• Task goal: Would you copy out the following entries exactly, without any of the pictures?

• Records for this exercise:
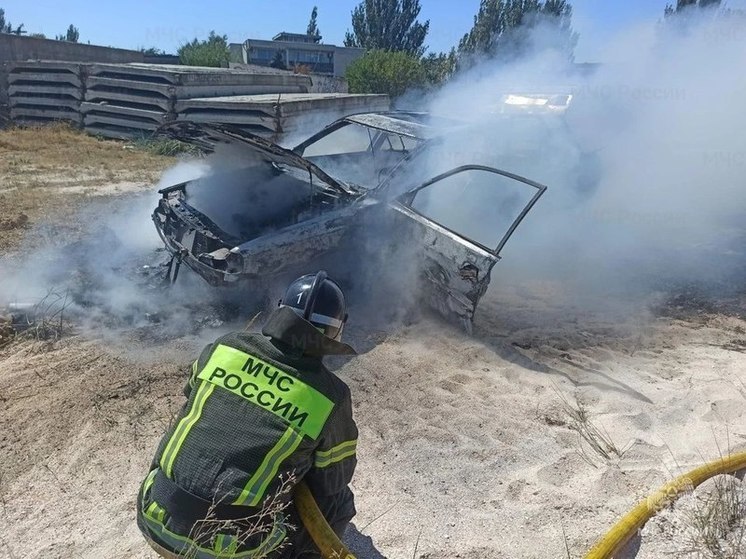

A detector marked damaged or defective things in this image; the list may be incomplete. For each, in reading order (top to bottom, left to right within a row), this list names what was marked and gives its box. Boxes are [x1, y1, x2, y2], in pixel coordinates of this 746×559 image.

burned car [153, 114, 548, 332]
overturned vehicle [153, 114, 548, 332]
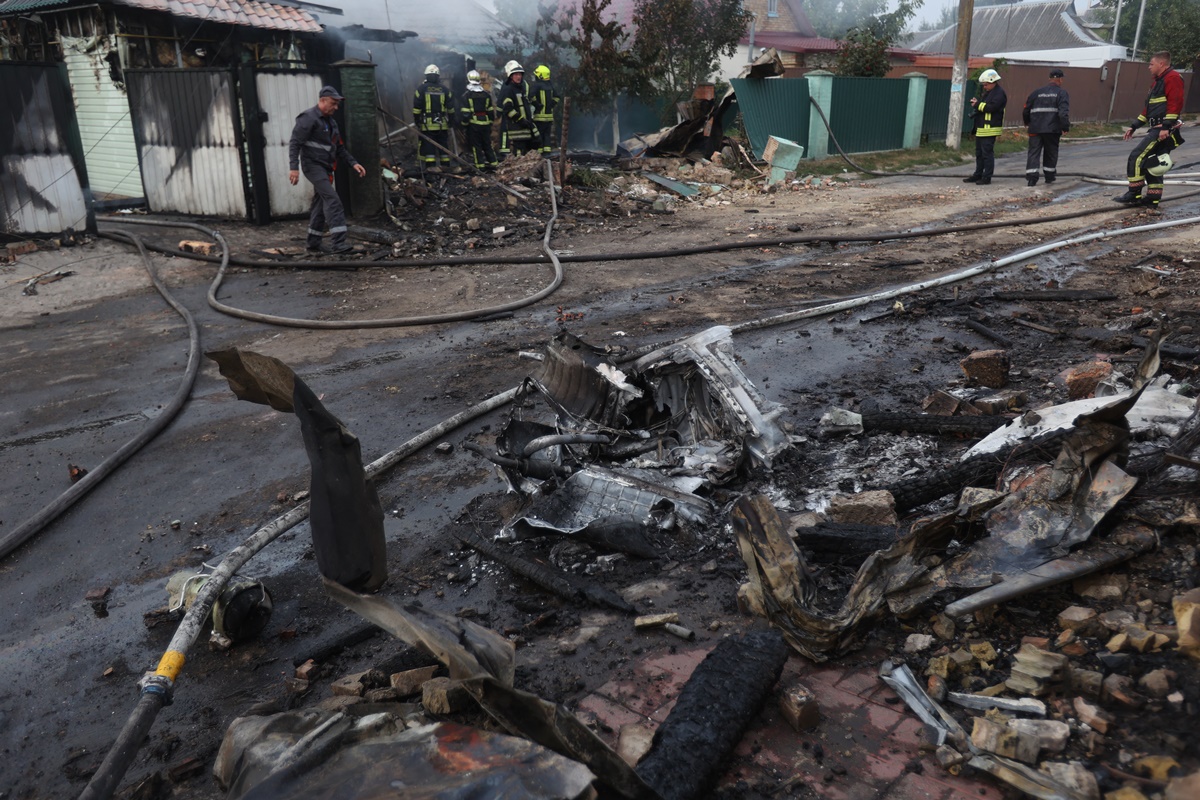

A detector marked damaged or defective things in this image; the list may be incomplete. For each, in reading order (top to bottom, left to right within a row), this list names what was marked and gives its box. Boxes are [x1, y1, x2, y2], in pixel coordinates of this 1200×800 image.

broken brick [960, 347, 1008, 388]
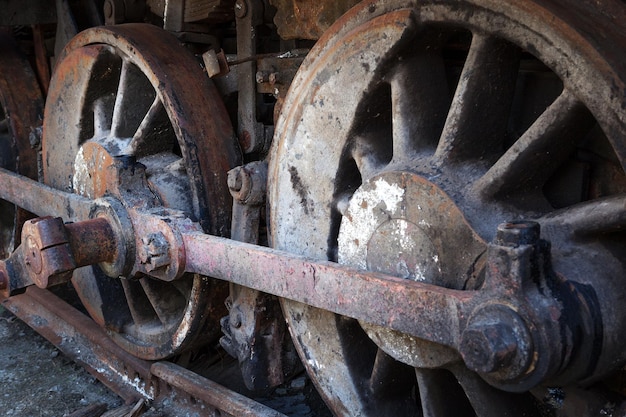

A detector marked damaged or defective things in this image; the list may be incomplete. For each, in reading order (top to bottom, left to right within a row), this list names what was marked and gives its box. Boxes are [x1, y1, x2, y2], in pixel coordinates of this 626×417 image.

rusty train wheel [0, 33, 42, 260]
rusty train wheel [42, 24, 241, 360]
rusty train wheel [270, 1, 624, 414]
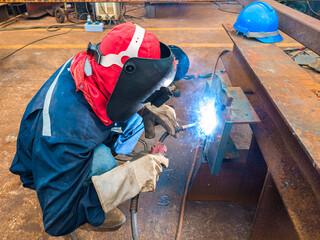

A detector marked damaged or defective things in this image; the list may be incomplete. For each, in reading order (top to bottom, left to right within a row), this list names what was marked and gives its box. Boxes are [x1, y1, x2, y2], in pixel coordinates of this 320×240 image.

rust stain on steel [224, 24, 320, 173]
rust stain on steel [235, 0, 320, 55]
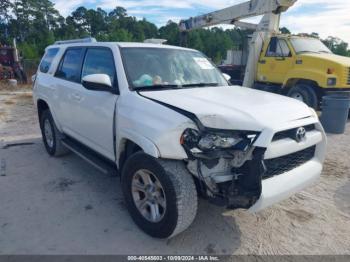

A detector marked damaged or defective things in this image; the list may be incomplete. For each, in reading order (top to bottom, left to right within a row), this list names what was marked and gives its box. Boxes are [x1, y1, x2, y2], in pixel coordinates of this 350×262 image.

crumpled hood [141, 86, 314, 131]
broken headlight assembly [182, 128, 258, 159]
damaged front end [180, 128, 266, 210]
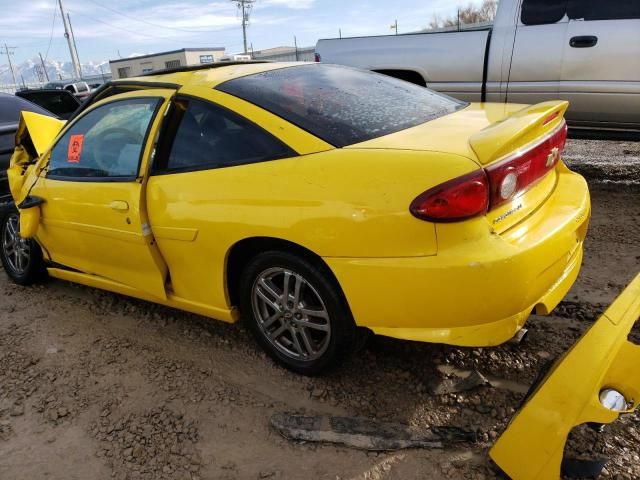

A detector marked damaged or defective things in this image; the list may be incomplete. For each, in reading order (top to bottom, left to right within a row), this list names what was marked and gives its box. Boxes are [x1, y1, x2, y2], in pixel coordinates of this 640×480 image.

wrecked bumper [490, 274, 640, 480]
crumpled front end [490, 274, 640, 480]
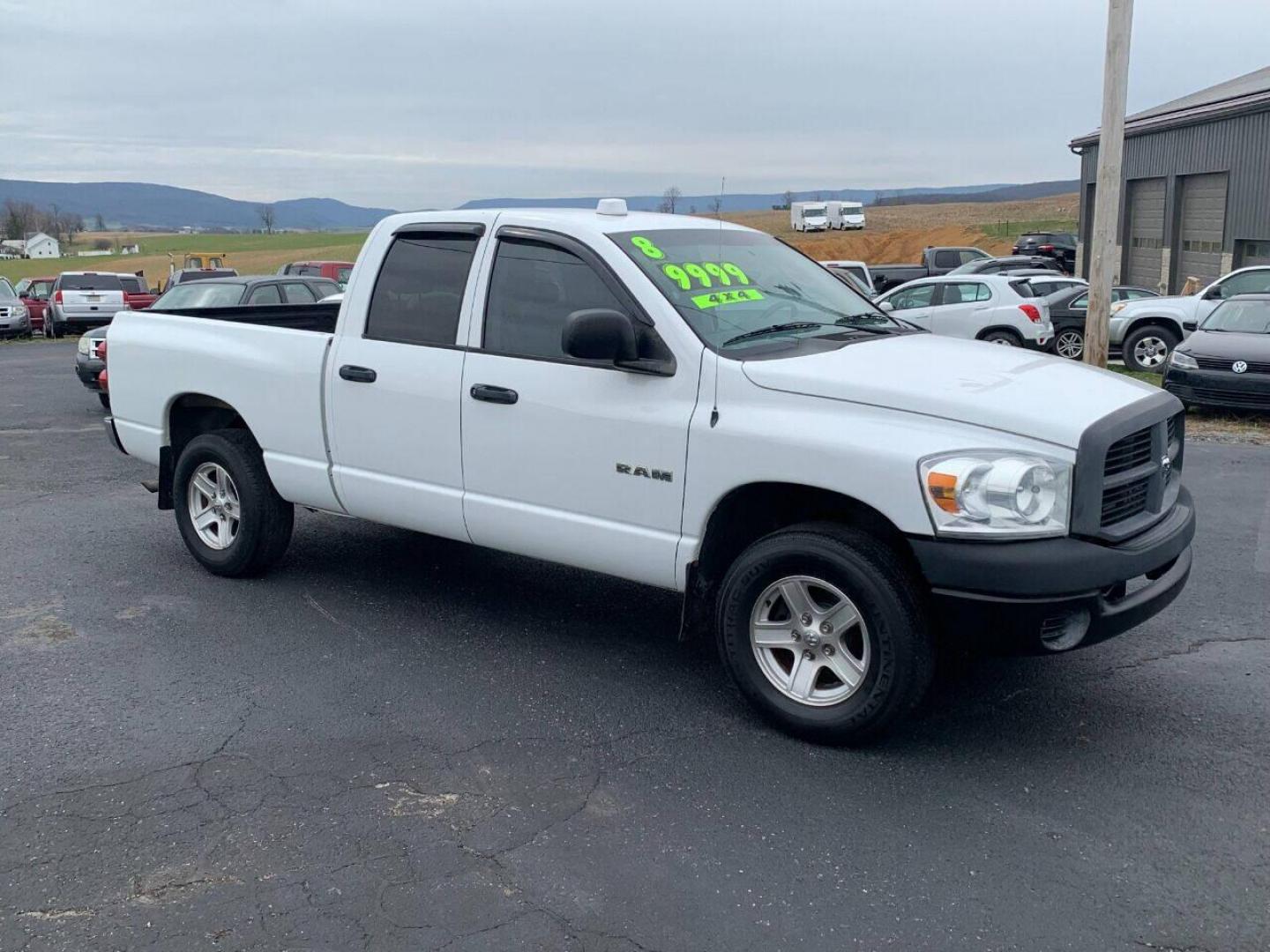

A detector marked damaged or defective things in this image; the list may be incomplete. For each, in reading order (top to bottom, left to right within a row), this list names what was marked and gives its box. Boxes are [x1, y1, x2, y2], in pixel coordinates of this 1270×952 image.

• Output below:
A detector marked damaged or defective things in this image; the list may be incomplete. For each, in reading order (top to bottom, left to right within a row), this list names what was marked and gives its box. Boxes are [x1, y1, x2, y2], in pixel coordinates of this 746×559 image.

burned car [153, 114, 548, 332]
overturned vehicle [153, 114, 548, 332]

A detector marked damaged or defective things in this image; the list may be incomplete. For each, in reading order (top to bottom, left to right within a row), this list names what was marked and gives its box. Boxes are [x1, y1, x2, y2], in pixel coordinates of this 1200×800 image.

broken brick [960, 347, 1008, 388]

A detector marked damaged or defective things in this image; the list may be incomplete. For each, in reading order (top to bottom, left to right within a row), this list names what was marked and gives its box. Boxes are [x1, y1, x2, y2], in pixel coordinates of this 626×417 image.

rusty train wheel [0, 33, 42, 260]
rusty train wheel [42, 24, 241, 360]
rusty train wheel [270, 1, 624, 414]

A detector marked damaged or defective things in this image; the list may be incomplete. For each, in reading order (top to bottom, left to right within a row), this list names what was marked and gives its box. Boxes are [x1, y1, x2, y2], in pixel coordinates of this 320×240 image.

rust stain on steel [224, 24, 320, 173]
rust stain on steel [235, 0, 320, 55]

A detector marked damaged or defective things in this image; the list may be incomplete. For each, in reading order (top to bottom, left to right within a row), this list names what was marked and gives its box. Boxes are [x1, y1, x2, y2], in pixel coordinates of this 350×262 image.

crumpled hood [141, 86, 314, 131]
broken headlight assembly [182, 128, 258, 159]
damaged front end [180, 128, 266, 210]

A detector marked damaged or defective things in this image; the list may be incomplete. For each, in reading order (top to bottom, left to right within a row), this list names what was marked and gives its box. Boxes are [x1, y1, x2, y2], in pixel coordinates of this 640×480 image.

wrecked bumper [490, 274, 640, 480]
crumpled front end [490, 274, 640, 480]

A detector marked damaged or defective things in this image; the list may be incomplete. For each, in reading order (top to bottom, left to right within a row), this list names what was marked and gives its box. Boxes are [x1, y1, x2, y2], in pixel coordinates of this 1270×952 image.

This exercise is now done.